Follow Through

Now it’s time to do it. Meet when you planned to. Submit when it’s your turn. Give thoughtful, constructive critique.

When a group is firing on all cylinders, it’s a great place with camaraderie, shared commitment, accountability and feedback. Writers learn more about their craft, do more writing and do it better. On the other hand, groups with uneven participation or where members expect different things can be frustrating or feel like a waste of time.
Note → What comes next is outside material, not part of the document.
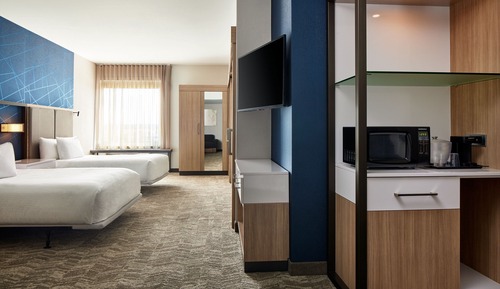 Suite 2 Queen Beds and Trundle Sofa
The key is to start by making sure the members share alignment on goals and expectations and then follow through. While you can only control yourself, you can do a lot as an individual to keep the group on track. Here are some things you can do:

  • Keep the commitments you make with your group. If you can’t, be sure to communicate with them so they don’t worry about you or draw their own conclusions about your commitment.
  • If you don’t see many discussions happening in your online group, go start one! Share a link you like or a book you’ve read. Share some things you learned from a talk you attended.
  • If someone acts in a way that hurts your feelings, let them know (as diplomatically as possible). The person may not have realized the impact of her comments/actions on you and now she has a chance to redirect.
  • If you are not getting the type of feedback you want, consider giving direction on the critique you want with your submission. For example, let people know if you are submitting an early draft and want feedback on the plot structure and strength of the main characters. That way you don’t have someone nitpicking your grammar, which isn’t important at the early stages. Likewise, if you are towards the end and don’t want feedback on the major elements, let people know that you’d like more of a copy edit.
If participation starts to drop

Sometimes a group will get off to a great start and then flag. If this is happening in your group, say something. Simply bringing up the issue can often be enough to hold each other accountable or to show that there is interest in continuing.

Groups may flag when the pace is too much and writers can’t keep up with work, family and life. In this case, try slowing down. Get your group to a pace where people can write and participate amidst life’s juggles. This can take some fine tuning.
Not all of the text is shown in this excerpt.